▸ THE DATA

== Segment start ==

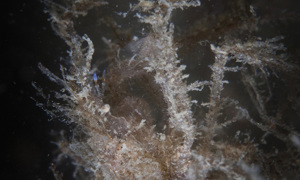 Stekfoto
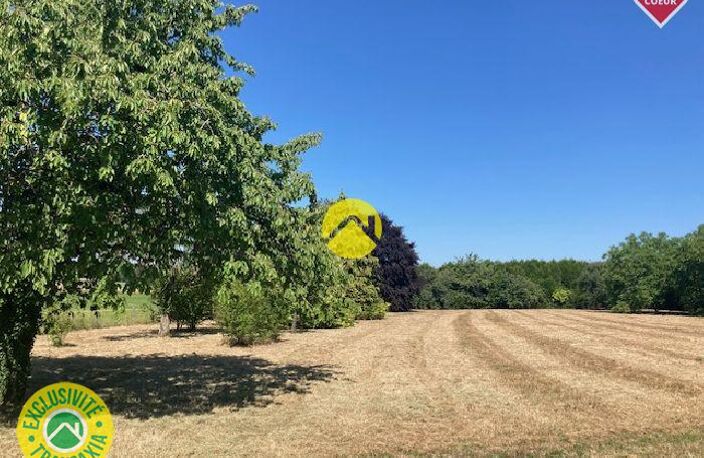Campagnarde au calme — photo 2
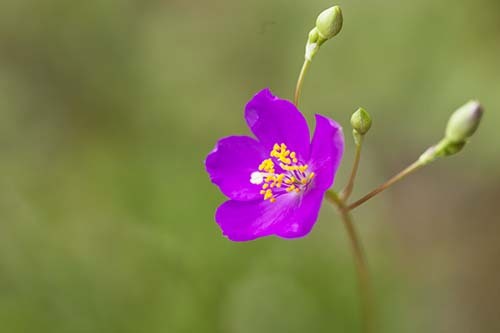 山野草　クサハナビ（蕾あり）苗_開花見本写真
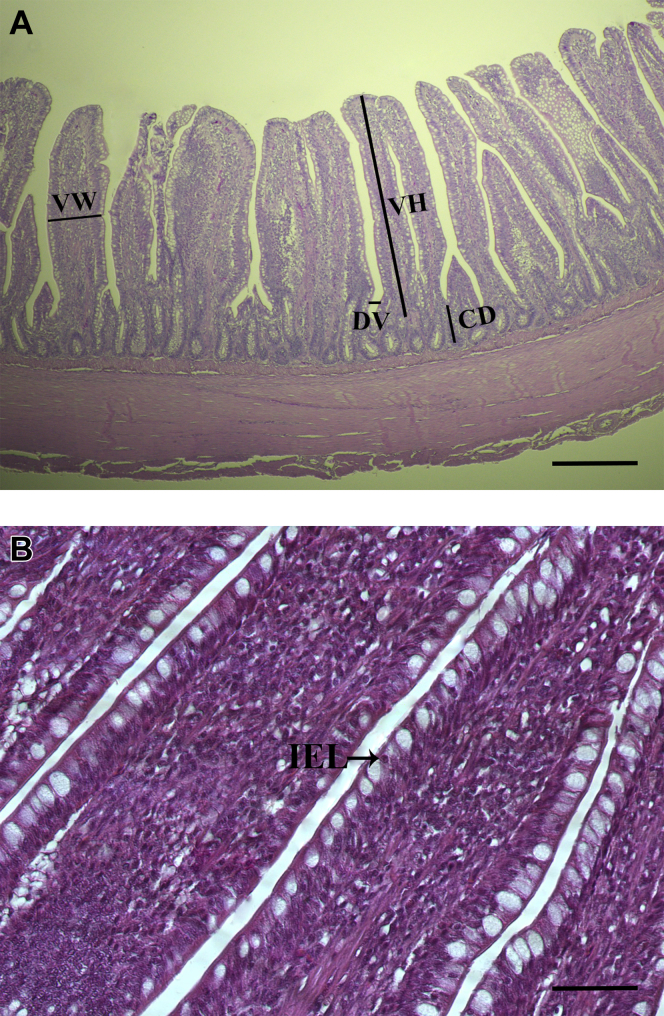 Figure 1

== Segment end ==

▸ REQUIREMENT
Set out the material once more, exact in every line, with no images.

▸ WRITTEN SOLUTION
 Stekfoto
Campagnarde au calme — photo 2
 山野草　クサハナビ（蕾あり）苗_開花見本写真
 Figure 1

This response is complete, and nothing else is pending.